We took a break over the Summer and the early Autumn, to assess the ramifications of the Brexit vote and its effect on the Housing Market. It is still far too early to say what the true effects are, because there have been so many other variables to consider (the drop in the pound being one such major variable). It's accurate to say that the market is much quieter and price growth is much reduced.

The London prime markets, i.e. Zones 1 and 2, have however seen a marked reduction in prices, a record average drop of over £100,000!

Fewer people are able to buy property; in fact the number of under 35’s who are property owners has decreased by 1/3 since 2011, to 334,000 this year. The U.K is now outside Europe’s top 20 countries for house sales.


Buy to Let Market

It's plain that there are issues on the horizon for buy to let investors; they will see less tax relief and less mortgage availability the supply of housing is on a rising curve and rents are increasingly unaffordable.

Additionally those BTL landlords who used a supposed loophole, which appeared to allow landlords (before the increase in SDLT in April this year) to transfer properties into limited companies in an attempt to avoid the increase in tax, are likely to come to the attention of HMRC.

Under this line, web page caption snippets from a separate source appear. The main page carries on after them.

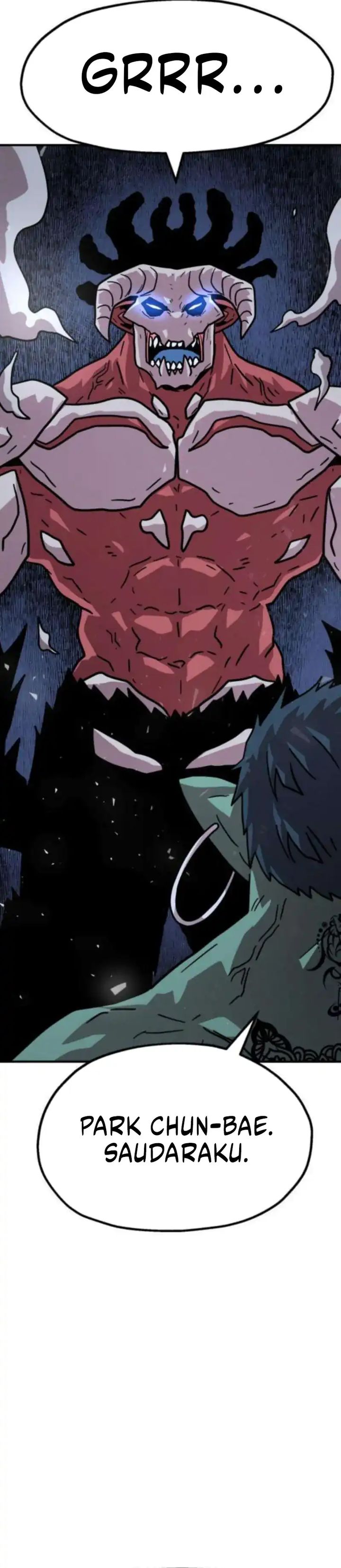 The Boss Is Too Strong Chapter 16 Gambar 45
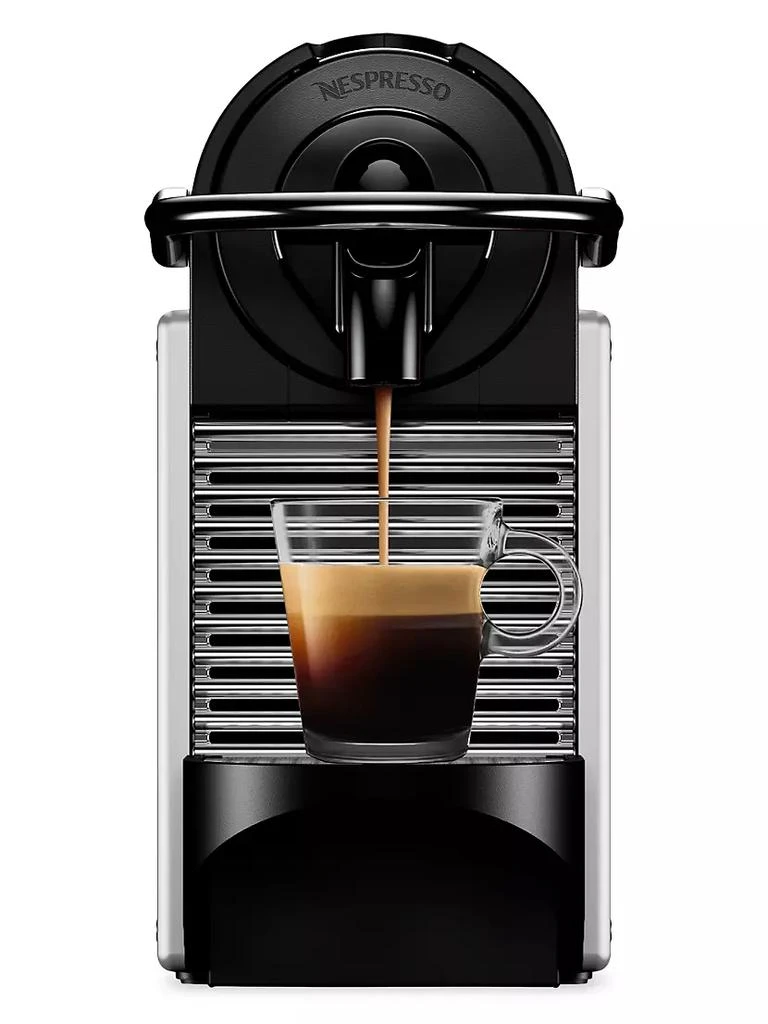商品Nespresso by De'Longhi|Pixie Single-Serve Espresso Machine,价格¥1714,第3张图片详细描述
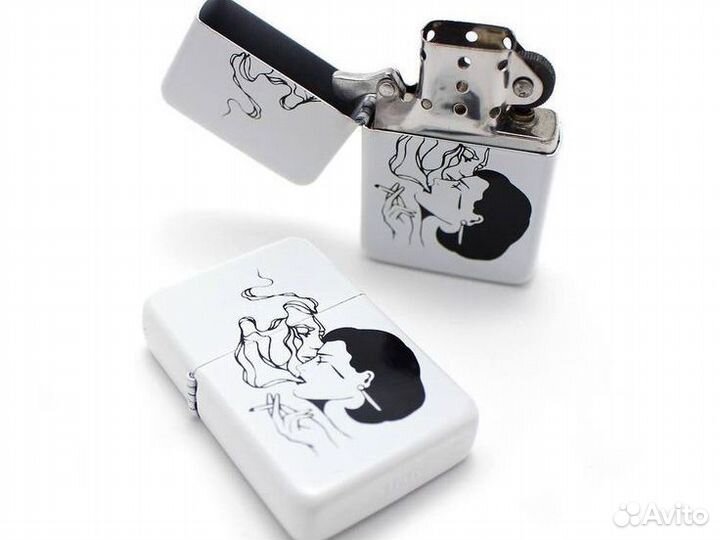 Зажигалка zorro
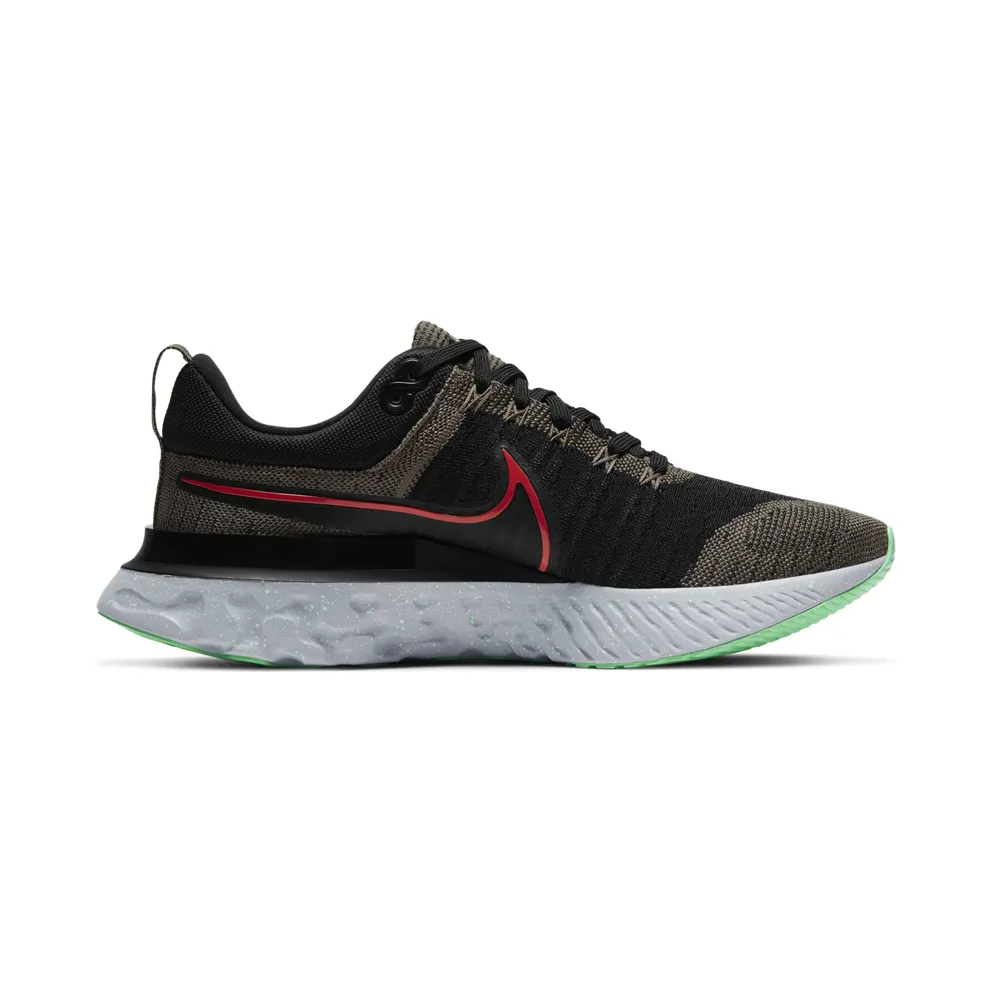 Nike React Infinity Run Flyknit 2 Running Brown (CT2357-200)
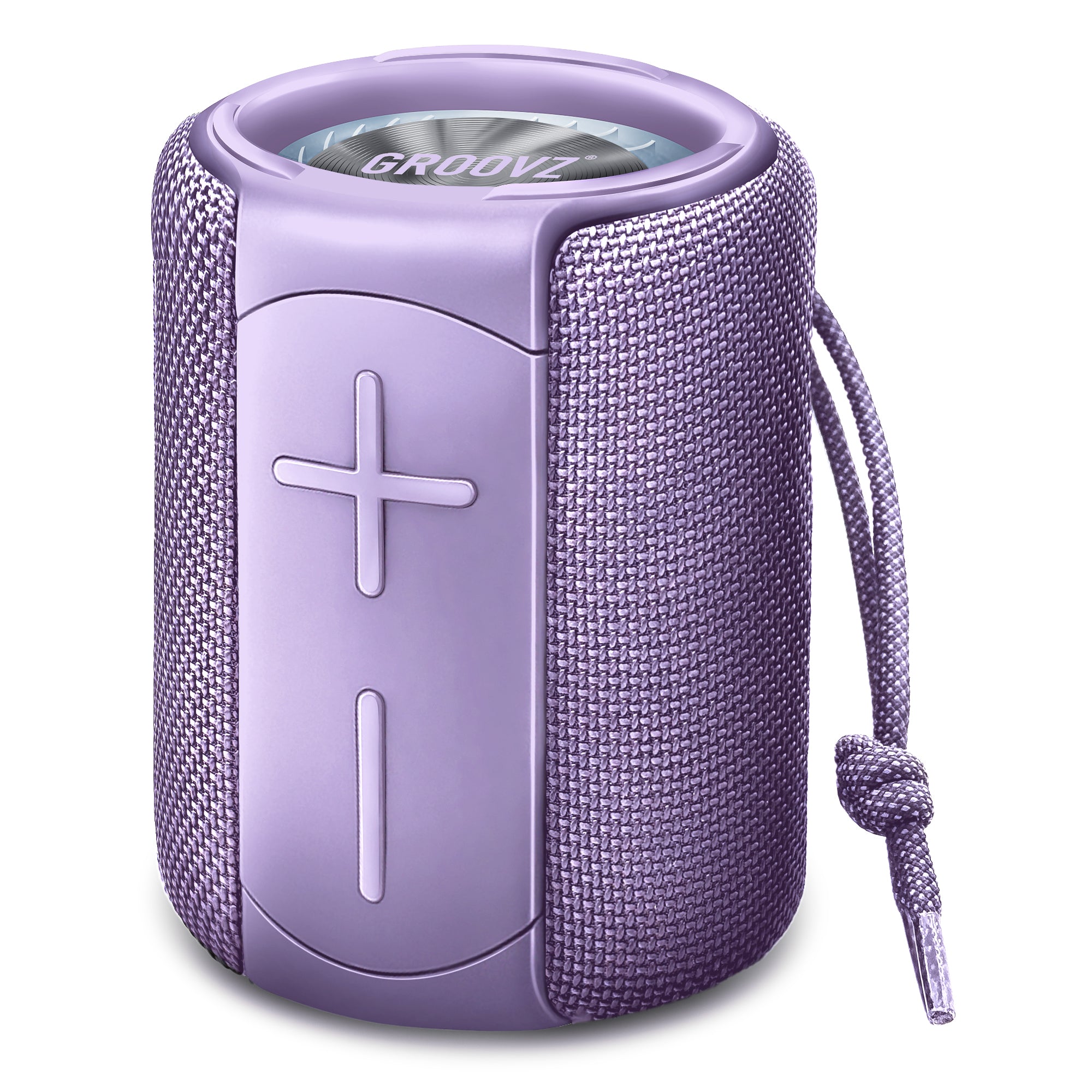 Groovz Link Speaker: Big Sound. Bold Light. Anywhere You Go.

Such a device is likely to fall foul of HMRC and tax avoidance legislation, and could easily attract allegations of both tax and mortgage fraud. It is anticipated that HMRC would assume that such transfers to limited companies were artificial structures.


Residential Property

We have seen the usual contradictory reports about the market - the NAEA (National Association of Estate Agents) report that confidence in the housing market is back to pre- Brexit levels and an increase in demand in September 2016, though in the same month mortgage approvals were markedly reduced (by 15%) when compared with September 2015.

There was also a slight dip in the number of residential properties coming onto the market, again when compared with last year.

Sales of homes are now taking longer than in 2015, in fact they are taking an additional month longer and it can take 91 days to secure a sale.

John Lewis report that new build / newly converted properties in this country are now the smallest properties in Europe, and are on average 92% of the recommended size.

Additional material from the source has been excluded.